### Problem statement
Write out the stretch of lines below that begins at the line with "横浜港　夕暮れ　フェリー 74502702" and ends at the line with "Meeting/conference room in", including both, exactly as given and nothing more.

### Records supplied

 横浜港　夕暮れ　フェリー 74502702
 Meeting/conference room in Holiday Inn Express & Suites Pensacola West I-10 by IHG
* * *
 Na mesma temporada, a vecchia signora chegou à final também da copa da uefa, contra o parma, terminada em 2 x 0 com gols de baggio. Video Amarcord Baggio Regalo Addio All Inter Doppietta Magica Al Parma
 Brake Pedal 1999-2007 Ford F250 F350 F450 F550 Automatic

### Output of the exercise
 横浜港　夕暮れ　フェリー 74502702
 Meeting/conference room in Holiday Inn Express & Suites Pensacola West I-10 by IHG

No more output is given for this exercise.